# WHAT THE TASK ASKS:
Look through the listing below for the line with "LAKESHORE CONDO 7" and the line with "801 - 36 Lisgar St". Copy both, along with every line between them, exactly and with no pictures.

# RECORDS SHOWN:
========
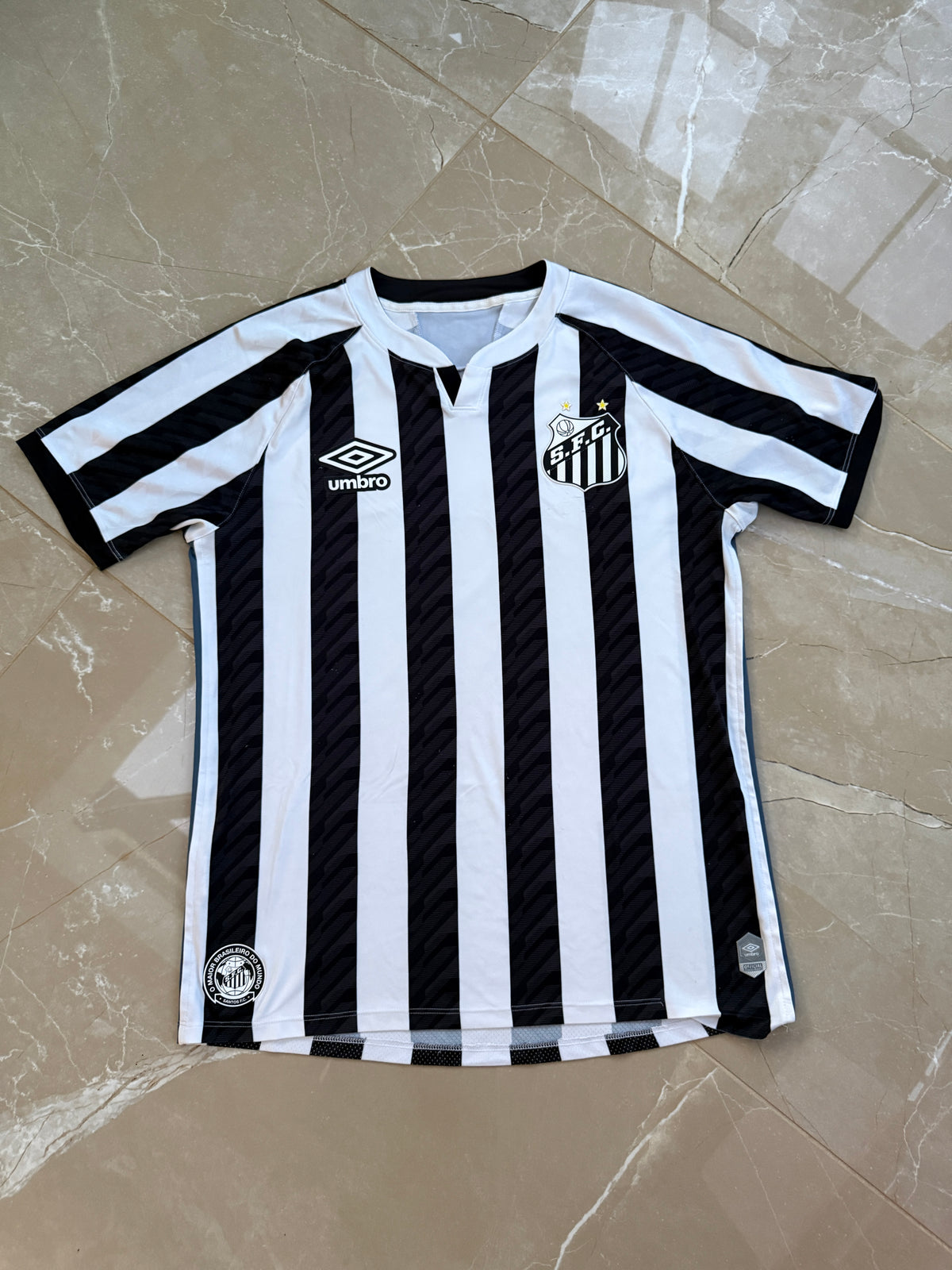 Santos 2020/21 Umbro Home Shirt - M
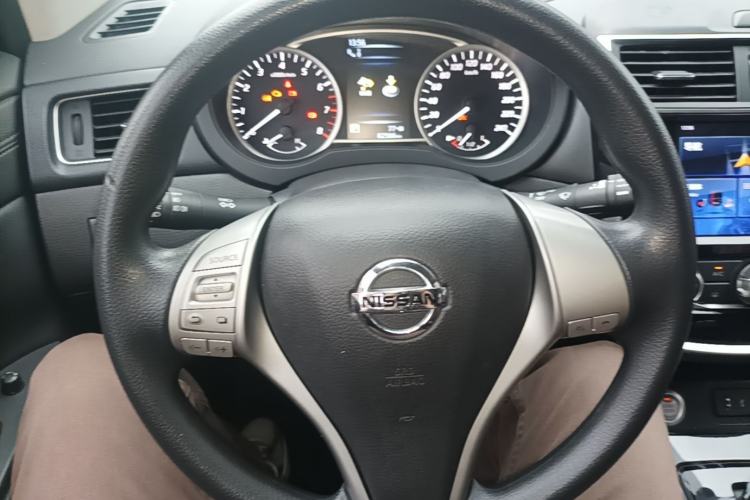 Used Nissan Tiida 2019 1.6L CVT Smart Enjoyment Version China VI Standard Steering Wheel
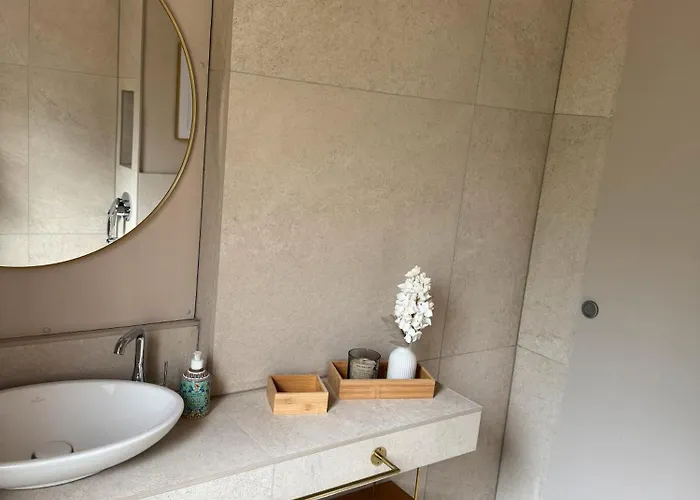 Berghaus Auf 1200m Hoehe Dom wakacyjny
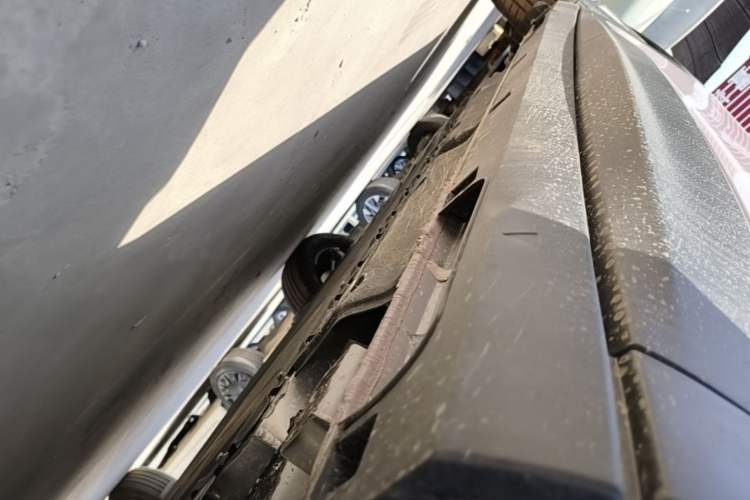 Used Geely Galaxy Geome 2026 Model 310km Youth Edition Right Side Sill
========
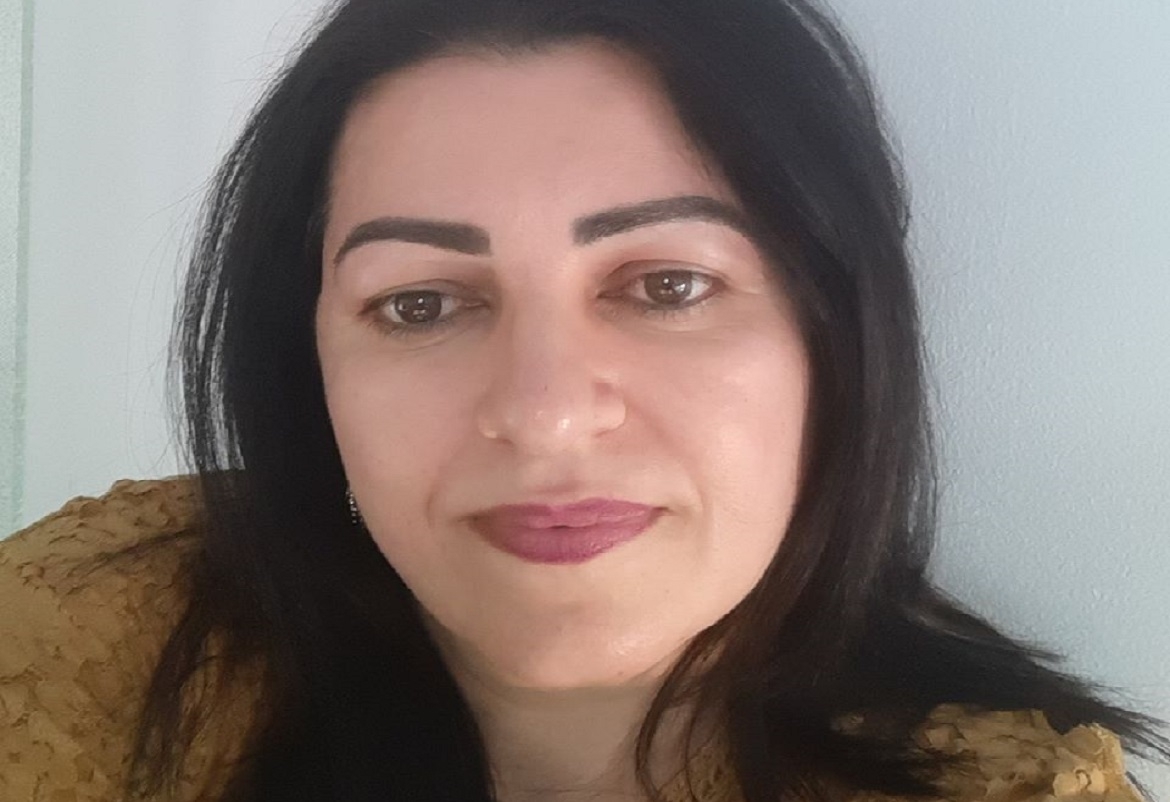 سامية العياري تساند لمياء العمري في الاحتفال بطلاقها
========
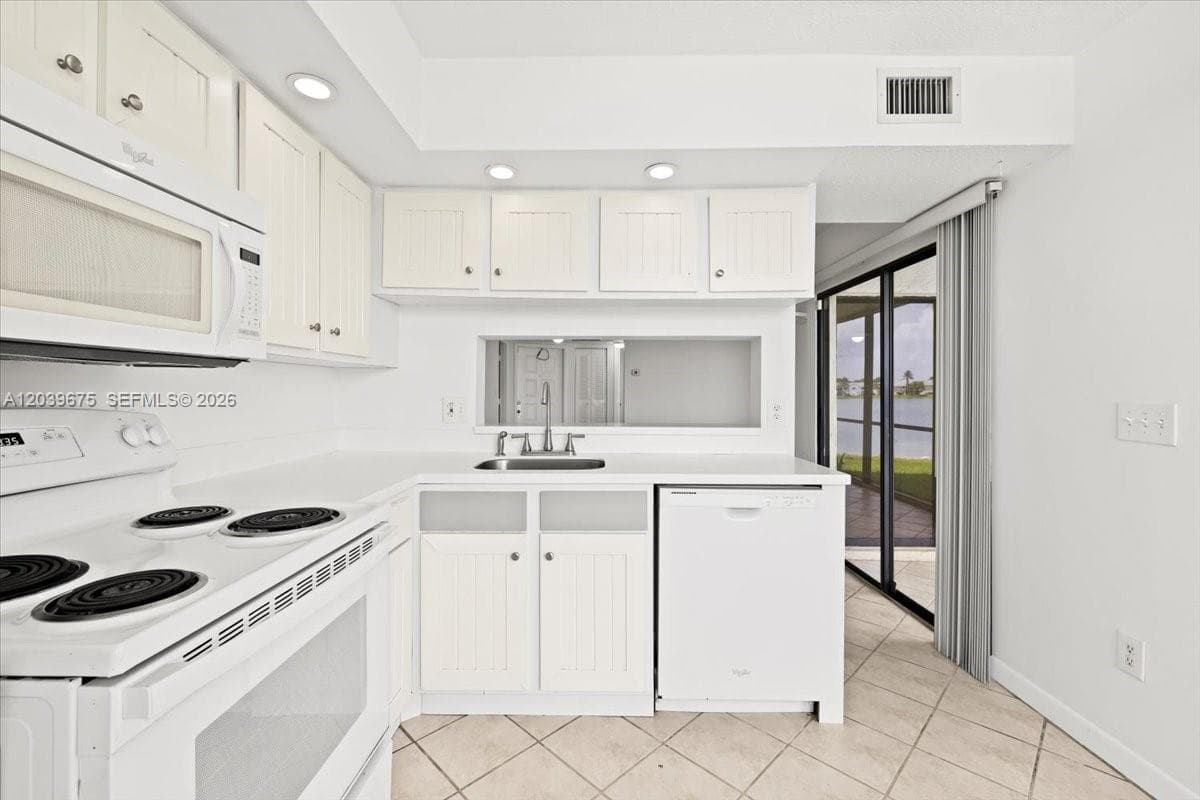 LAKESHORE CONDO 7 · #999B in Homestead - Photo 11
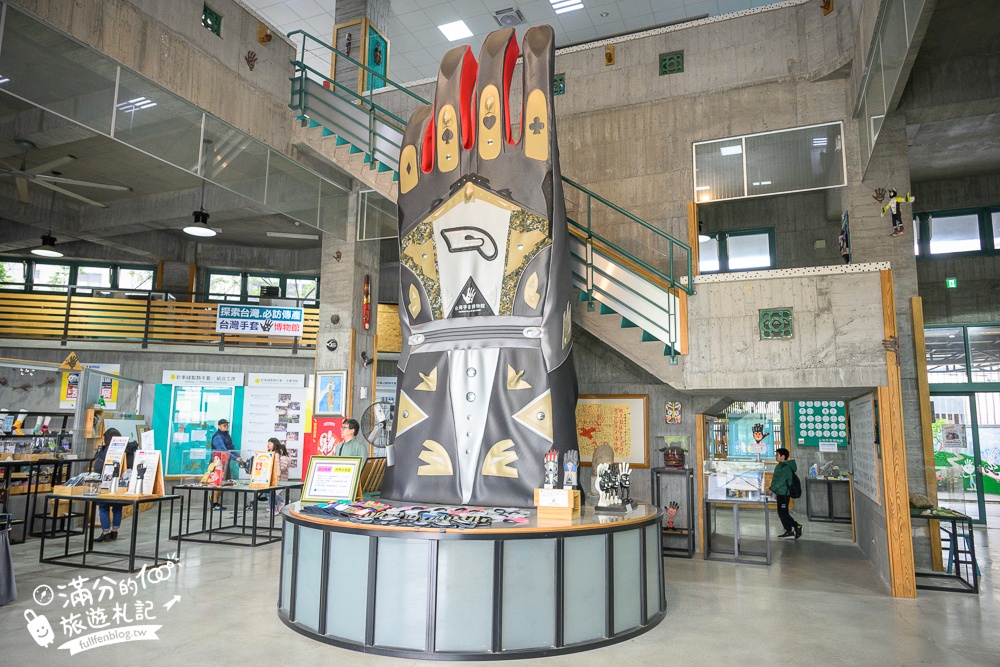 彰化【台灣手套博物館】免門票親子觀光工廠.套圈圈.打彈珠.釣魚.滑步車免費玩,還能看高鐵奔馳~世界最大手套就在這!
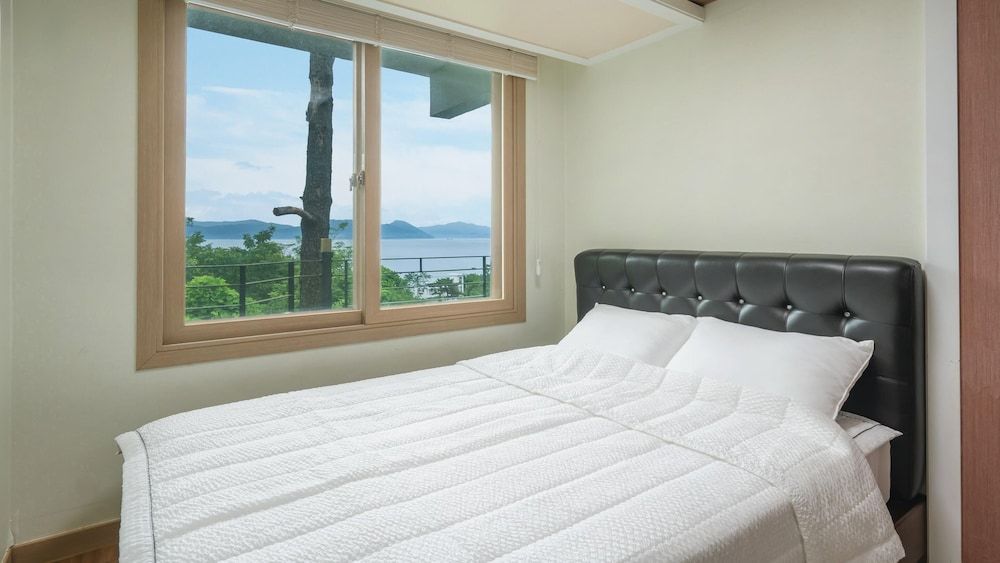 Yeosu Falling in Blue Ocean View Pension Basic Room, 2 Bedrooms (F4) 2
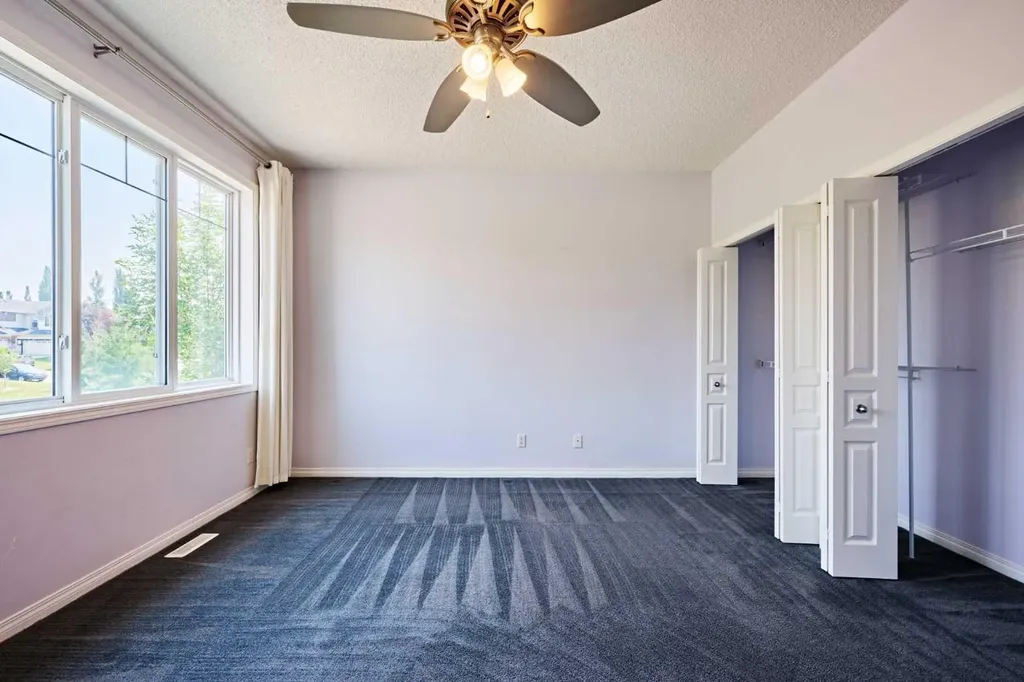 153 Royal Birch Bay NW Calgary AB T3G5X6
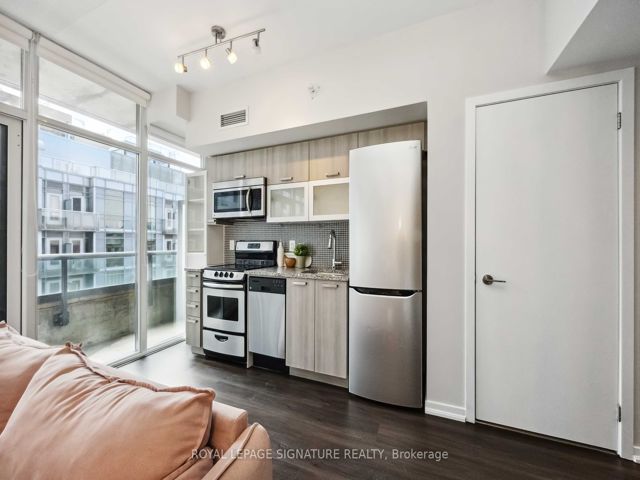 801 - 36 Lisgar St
========
# EXPECTED ANSWER:
 LAKESHORE CONDO 7 · #999B in Homestead - Photo 11
 彰化【台灣手套博物館】免門票親子觀光工廠.套圈圈.打彈珠.釣魚.滑步車免費玩,還能看高鐵奔馳~世界最大手套就在這!
 Yeosu Falling in Blue Ocean View Pension Basic Room, 2 Bedrooms (F4) 2
 153 Royal Birch Bay NW Calgary AB T3G5X6
 801 - 36 Lisgar St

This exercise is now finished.